*** Opening Material provided ***
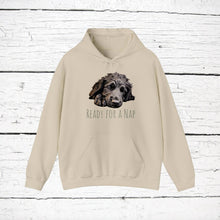 Load image into Gallery viewer, Curly Coated Retriever "Ready for a Nap" Hooded Sweatshirt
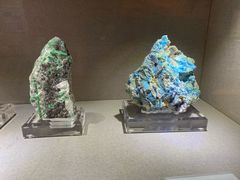 -陕西自然博物馆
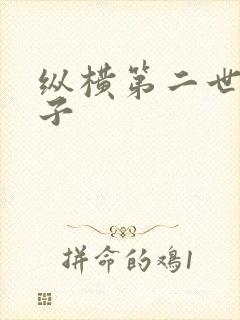 纵横第二世界宽子封面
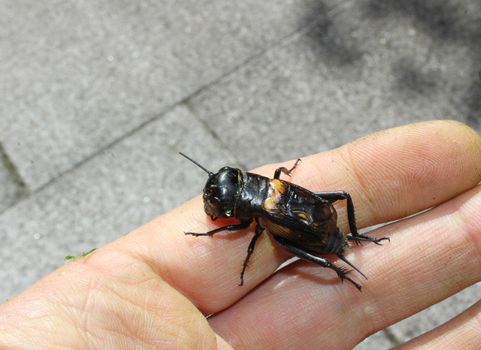 The picture shows a cricket on a hand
*** Closing Material provided ***
Word for word, repeat the material above and drop the pictures.

=== Expected output ===
 Load image into Gallery viewer, Curly Coated Retriever "Ready for a Nap" Hooded Sweatshirt
 -陕西自然博物馆
 纵横第二世界宽子封面
 The picture shows a cricket on a hand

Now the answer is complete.